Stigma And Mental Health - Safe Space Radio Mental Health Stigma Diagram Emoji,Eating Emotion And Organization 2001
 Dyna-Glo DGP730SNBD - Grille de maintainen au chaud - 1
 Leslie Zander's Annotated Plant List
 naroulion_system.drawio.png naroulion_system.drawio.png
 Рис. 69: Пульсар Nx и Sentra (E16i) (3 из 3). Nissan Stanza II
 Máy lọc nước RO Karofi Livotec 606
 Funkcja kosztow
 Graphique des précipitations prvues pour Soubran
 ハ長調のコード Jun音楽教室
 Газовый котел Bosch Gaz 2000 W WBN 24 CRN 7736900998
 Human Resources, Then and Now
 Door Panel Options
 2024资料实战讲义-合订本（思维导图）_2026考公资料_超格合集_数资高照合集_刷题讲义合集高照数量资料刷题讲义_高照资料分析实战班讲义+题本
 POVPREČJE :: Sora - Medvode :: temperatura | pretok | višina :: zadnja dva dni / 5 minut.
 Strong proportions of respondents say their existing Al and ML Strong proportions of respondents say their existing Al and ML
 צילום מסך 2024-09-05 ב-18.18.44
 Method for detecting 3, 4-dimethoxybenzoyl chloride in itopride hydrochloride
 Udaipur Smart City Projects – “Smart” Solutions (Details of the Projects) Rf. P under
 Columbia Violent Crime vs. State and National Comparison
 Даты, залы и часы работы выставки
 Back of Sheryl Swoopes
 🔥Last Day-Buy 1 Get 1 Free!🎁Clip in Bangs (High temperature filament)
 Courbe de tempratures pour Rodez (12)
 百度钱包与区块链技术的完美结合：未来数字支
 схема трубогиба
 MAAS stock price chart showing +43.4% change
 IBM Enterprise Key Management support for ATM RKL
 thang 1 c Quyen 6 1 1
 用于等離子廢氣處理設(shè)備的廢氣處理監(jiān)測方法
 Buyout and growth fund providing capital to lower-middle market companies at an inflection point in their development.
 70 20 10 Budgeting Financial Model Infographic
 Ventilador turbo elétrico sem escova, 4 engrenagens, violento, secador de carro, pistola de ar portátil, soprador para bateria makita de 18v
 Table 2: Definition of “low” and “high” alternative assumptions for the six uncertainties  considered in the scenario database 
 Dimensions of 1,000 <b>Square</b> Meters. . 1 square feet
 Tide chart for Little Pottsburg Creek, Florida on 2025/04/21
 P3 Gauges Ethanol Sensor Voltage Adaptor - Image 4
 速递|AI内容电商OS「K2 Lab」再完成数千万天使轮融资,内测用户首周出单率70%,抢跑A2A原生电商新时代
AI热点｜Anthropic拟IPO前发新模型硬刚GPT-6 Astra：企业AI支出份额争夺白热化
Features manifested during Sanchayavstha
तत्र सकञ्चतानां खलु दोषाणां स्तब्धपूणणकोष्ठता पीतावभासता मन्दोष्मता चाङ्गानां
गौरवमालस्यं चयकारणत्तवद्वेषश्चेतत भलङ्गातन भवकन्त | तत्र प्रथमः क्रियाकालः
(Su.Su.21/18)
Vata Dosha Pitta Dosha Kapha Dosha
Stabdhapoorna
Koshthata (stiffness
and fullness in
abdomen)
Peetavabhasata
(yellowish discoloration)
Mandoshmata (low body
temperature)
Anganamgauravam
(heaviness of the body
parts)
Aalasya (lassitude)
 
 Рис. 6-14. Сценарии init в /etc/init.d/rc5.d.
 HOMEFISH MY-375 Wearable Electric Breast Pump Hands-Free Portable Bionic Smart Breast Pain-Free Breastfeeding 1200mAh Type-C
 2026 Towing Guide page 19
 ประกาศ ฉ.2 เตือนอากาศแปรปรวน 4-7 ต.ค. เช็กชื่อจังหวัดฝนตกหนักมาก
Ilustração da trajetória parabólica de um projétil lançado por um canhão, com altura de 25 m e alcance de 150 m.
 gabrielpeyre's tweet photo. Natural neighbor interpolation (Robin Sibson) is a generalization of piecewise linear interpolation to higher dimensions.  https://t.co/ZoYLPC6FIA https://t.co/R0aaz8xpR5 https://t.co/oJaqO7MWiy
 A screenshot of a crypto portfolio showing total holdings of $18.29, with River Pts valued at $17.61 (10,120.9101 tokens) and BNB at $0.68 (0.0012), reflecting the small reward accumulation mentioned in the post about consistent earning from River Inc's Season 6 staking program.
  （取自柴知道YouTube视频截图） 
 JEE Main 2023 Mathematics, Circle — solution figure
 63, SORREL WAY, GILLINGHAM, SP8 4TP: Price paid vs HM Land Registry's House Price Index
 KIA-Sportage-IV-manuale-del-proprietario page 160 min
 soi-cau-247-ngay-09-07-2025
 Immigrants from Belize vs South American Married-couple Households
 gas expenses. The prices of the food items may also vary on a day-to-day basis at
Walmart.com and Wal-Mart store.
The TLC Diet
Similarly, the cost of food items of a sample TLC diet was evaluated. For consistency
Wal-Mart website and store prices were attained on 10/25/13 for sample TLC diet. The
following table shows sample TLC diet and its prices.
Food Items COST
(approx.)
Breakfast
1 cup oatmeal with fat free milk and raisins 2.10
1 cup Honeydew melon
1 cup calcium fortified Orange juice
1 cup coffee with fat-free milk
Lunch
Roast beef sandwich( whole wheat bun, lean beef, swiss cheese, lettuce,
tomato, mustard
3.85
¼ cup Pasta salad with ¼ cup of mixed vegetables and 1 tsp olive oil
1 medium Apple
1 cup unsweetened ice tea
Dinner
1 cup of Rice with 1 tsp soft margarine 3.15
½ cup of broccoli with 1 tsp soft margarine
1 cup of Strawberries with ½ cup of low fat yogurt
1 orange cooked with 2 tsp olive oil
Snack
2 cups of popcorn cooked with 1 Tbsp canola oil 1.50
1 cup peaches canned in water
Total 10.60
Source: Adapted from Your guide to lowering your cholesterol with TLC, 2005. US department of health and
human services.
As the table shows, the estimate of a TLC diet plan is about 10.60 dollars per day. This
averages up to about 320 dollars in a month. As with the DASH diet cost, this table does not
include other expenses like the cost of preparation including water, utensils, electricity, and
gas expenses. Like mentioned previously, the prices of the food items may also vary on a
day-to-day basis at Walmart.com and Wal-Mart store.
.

▶ _Task to carry out_
Output the records above exactly as written.

▶ _Result of the task_
Stigma And Mental Health - Safe Space Radio Mental Health Stigma Diagram Emoji,Eating Emotion And Organization 2001
 Dyna-Glo DGP730SNBD - Grille de maintainen au chaud - 1
 Leslie Zander's Annotated Plant List
 naroulion_system.drawio.png naroulion_system.drawio.png
 Рис. 69: Пульсар Nx и Sentra (E16i) (3 из 3). Nissan Stanza II
 Máy lọc nước RO Karofi Livotec 606
 Funkcja kosztow
 Graphique des précipitations prvues pour Soubran
 ハ長調のコード Jun音楽教室
 Газовый котел Bosch Gaz 2000 W WBN 24 CRN 7736900998
 Human Resources, Then and Now
 Door Panel Options
 2024资料实战讲义-合订本（思维导图）_2026考公资料_超格合集_数资高照合集_刷题讲义合集高照数量资料刷题讲义_高照资料分析实战班讲义+题本
 POVPREČJE :: Sora - Medvode :: temperatura | pretok | višina :: zadnja dva dni / 5 minut.
 Strong proportions of respondents say their existing Al and ML Strong proportions of respondents say their existing Al and ML
 צילום מסך 2024-09-05 ב-18.18.44
 Method for detecting 3, 4-dimethoxybenzoyl chloride in itopride hydrochloride
 Udaipur Smart City Projects – “Smart” Solutions (Details of the Projects) Rf. P under
 Columbia Violent Crime vs. State and National Comparison
 Даты, залы и часы работы выставки
 Back of Sheryl Swoopes
 🔥Last Day-Buy 1 Get 1 Free!🎁Clip in Bangs (High temperature filament)
 Courbe de tempratures pour Rodez (12)
 百度钱包与区块链技术的完美结合：未来数字支
 схема трубогиба
 MAAS stock price chart showing +43.4% change
 IBM Enterprise Key Management support for ATM RKL
 thang 1 c Quyen 6 1 1
 用于等離子廢氣處理設(shè)備的廢氣處理監(jiān)測方法
 Buyout and growth fund providing capital to lower-middle market companies at an inflection point in their development.
 70 20 10 Budgeting Financial Model Infographic
 Ventilador turbo elétrico sem escova, 4 engrenagens, violento, secador de carro, pistola de ar portátil, soprador para bateria makita de 18v
 Table 2: Definition of “low” and “high” alternative assumptions for the six uncertainties  considered in the scenario database 
 Dimensions of 1,000 <b>Square</b> Meters. . 1 square feet
 Tide chart for Little Pottsburg Creek, Florida on 2025/04/21
 P3 Gauges Ethanol Sensor Voltage Adaptor - Image 4
 速递|AI内容电商OS「K2 Lab」再完成数千万天使轮融资,内测用户首周出单率70%,抢跑A2A原生电商新时代
AI热点｜Anthropic拟IPO前发新模型硬刚GPT-6 Astra：企业AI支出份额争夺白热化
Features manifested during Sanchayavstha
तत्र सकञ्चतानां खलु दोषाणां स्तब्धपूणणकोष्ठता पीतावभासता मन्दोष्मता चाङ्गानां
गौरवमालस्यं चयकारणत्तवद्वेषश्चेतत भलङ्गातन भवकन्त | तत्र प्रथमः क्रियाकालः
(Su.Su.21/18)
Vata Dosha Pitta Dosha Kapha Dosha
Stabdhapoorna
Koshthata (stiffness
and fullness in
abdomen)
Peetavabhasata
(yellowish discoloration)
Mandoshmata (low body
temperature)
Anganamgauravam
(heaviness of the body
parts)
Aalasya (lassitude)
 
 Рис. 6-14. Сценарии init в /etc/init.d/rc5.d.
 HOMEFISH MY-375 Wearable Electric Breast Pump Hands-Free Portable Bionic Smart Breast Pain-Free Breastfeeding 1200mAh Type-C
 2026 Towing Guide page 19
 ประกาศ ฉ.2 เตือนอากาศแปรปรวน 4-7 ต.ค. เช็กชื่อจังหวัดฝนตกหนักมาก
Ilustração da trajetória parabólica de um projétil lançado por um canhão, com altura de 25 m e alcance de 150 m.
 gabrielpeyre's tweet photo. Natural neighbor interpolation (Robin Sibson) is a generalization of piecewise linear interpolation to higher dimensions.  https://t.co/ZoYLPC6FIA https://t.co/R0aaz8xpR5 https://t.co/oJaqO7MWiy
 A screenshot of a crypto portfolio showing total holdings of $18.29, with River Pts valued at $17.61 (10,120.9101 tokens) and BNB at $0.68 (0.0012), reflecting the small reward accumulation mentioned in the post about consistent earning from River Inc's Season 6 staking program.
  （取自柴知道YouTube视频截图） 
 JEE Main 2023 Mathematics, Circle — solution figure
 63, SORREL WAY, GILLINGHAM, SP8 4TP: Price paid vs HM Land Registry's House Price Index
 KIA-Sportage-IV-manuale-del-proprietario page 160 min
 soi-cau-247-ngay-09-07-2025
 Immigrants from Belize vs South American Married-couple Households
 gas expenses. The prices of the food items may also vary on a day-to-day basis at
Walmart.com and Wal-Mart store.
The TLC Diet
Similarly, the cost of food items of a sample TLC diet was evaluated. For consistency
Wal-Mart website and store prices were attained on 10/25/13 for sample TLC diet. The
following table shows sample TLC diet and its prices.
Food Items COST
(approx.)
Breakfast
1 cup oatmeal with fat free milk and raisins 2.10
1 cup Honeydew melon
1 cup calcium fortified Orange juice
1 cup coffee with fat-free milk
Lunch
Roast beef sandwich( whole wheat bun, lean beef, swiss cheese, lettuce,
tomato, mustard
3.85
¼ cup Pasta salad with ¼ cup of mixed vegetables and 1 tsp olive oil
1 medium Apple
1 cup unsweetened ice tea
Dinner
1 cup of Rice with 1 tsp soft margarine 3.15
½ cup of broccoli with 1 tsp soft margarine
1 cup of Strawberries with ½ cup of low fat yogurt
1 orange cooked with 2 tsp olive oil
Snack
2 cups of popcorn cooked with 1 Tbsp canola oil 1.50
1 cup peaches canned in water
Total 10.60
Source: Adapted from Your guide to lowering your cholesterol with TLC, 2005. US department of health and
human services.
As the table shows, the estimate of a TLC diet plan is about 10.60 dollars per day. This
averages up to about 320 dollars in a month. As with the DASH diet cost, this table does not
include other expenses like the cost of preparation including water, utensils, electricity, and
gas expenses. Like mentioned previously, the prices of the food items may also vary on a
day-to-day basis at Walmart.com and Wal-Mart store.
.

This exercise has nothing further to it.